Inline template definitions avoid the need for that extra file. A single config file can contain multiple sub-templates, separated by a header line:

## Main template
-- extends 'projects/lm_training_project.yaml'

[construct_new_model]
    -- include 'project.model_config'

#-------------------- project.model_config --------------------
## This is an inline sub-template named 'project.model_config'
-- extends 'models/llama.yaml'

[model_config]
    == super()
    hidden_size: 512

The separator line (#--- name ---) splits the file into independently addressable templates. The main template can -- include or -- extends the sub-template by name. This keeps related configuration in one file while working around Jinja2's single-inheritance constraint.

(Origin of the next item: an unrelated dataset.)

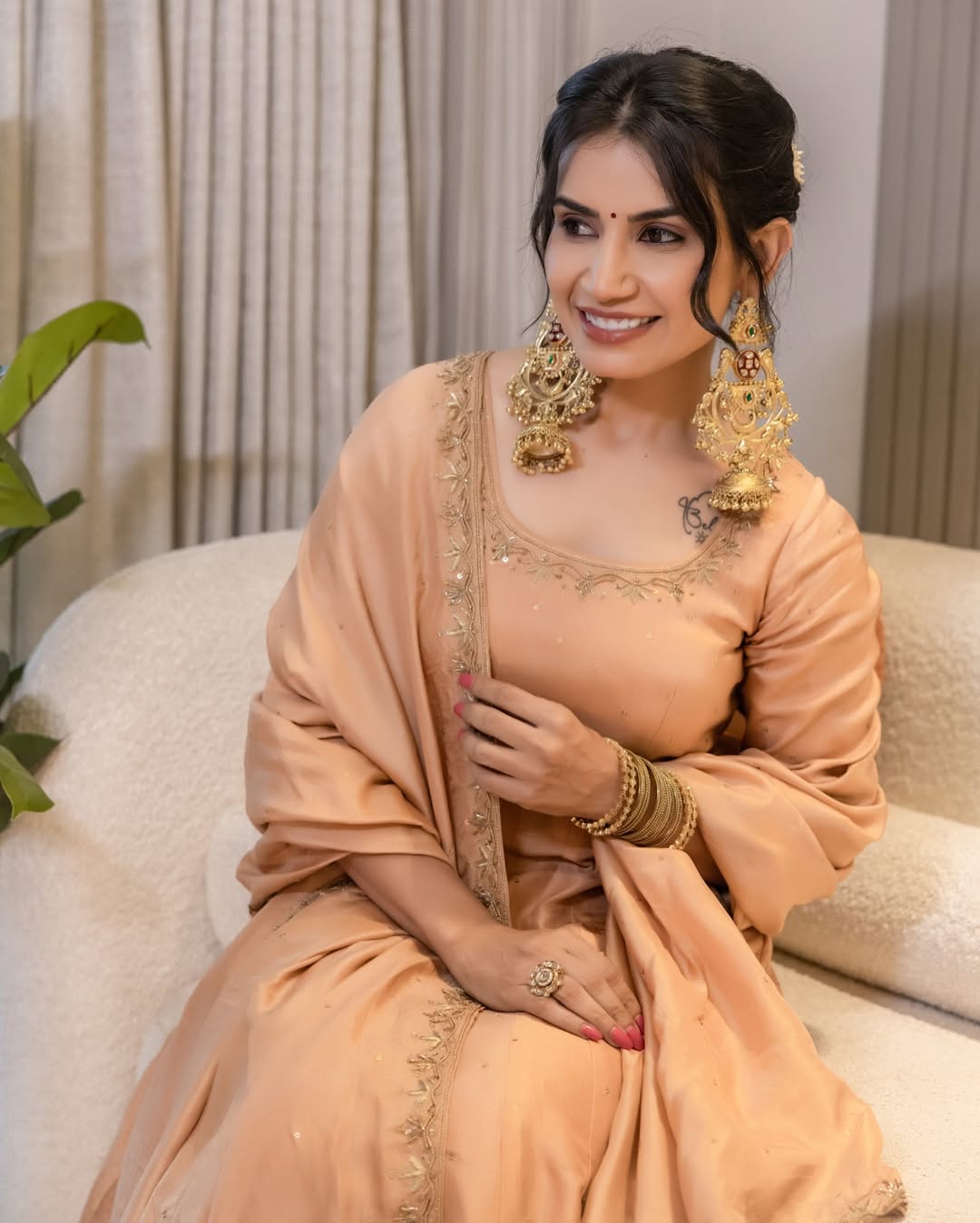 Noor-e-Peach Luxe Silk Anarkali Set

This pattern is used extensively in project configurations -- particularly for model definitions, where the model template chain has a different parent than the training template chain.

For a complete syntax reference, see Configuration Syntax.

Trainers¶

Forgather provides a hierarchy of trainer classes for different training scenarios:

Trainer	Use case
`Trainer`	Single-GPU or basic distributed training
`AccelTrainer`	Multi-GPU via HuggingFace Accelerate
`DDPTrainer`	DistributedDataParallel
`PipelineTrainer`	Pipeline parallelism (split model across GPUs)

All trainers share the same callback system, checkpoint coordination, and configuration interface. The trainer is selected in the configuration template -- switching from single-GPU to pipeline parallel is a template change, not a code change.

For the complete list of training arguments (batching, compile, checkpointing, memory, DDP, pipeline, ...) and each trainer class's constructor parameters, see the Trainer Options Reference.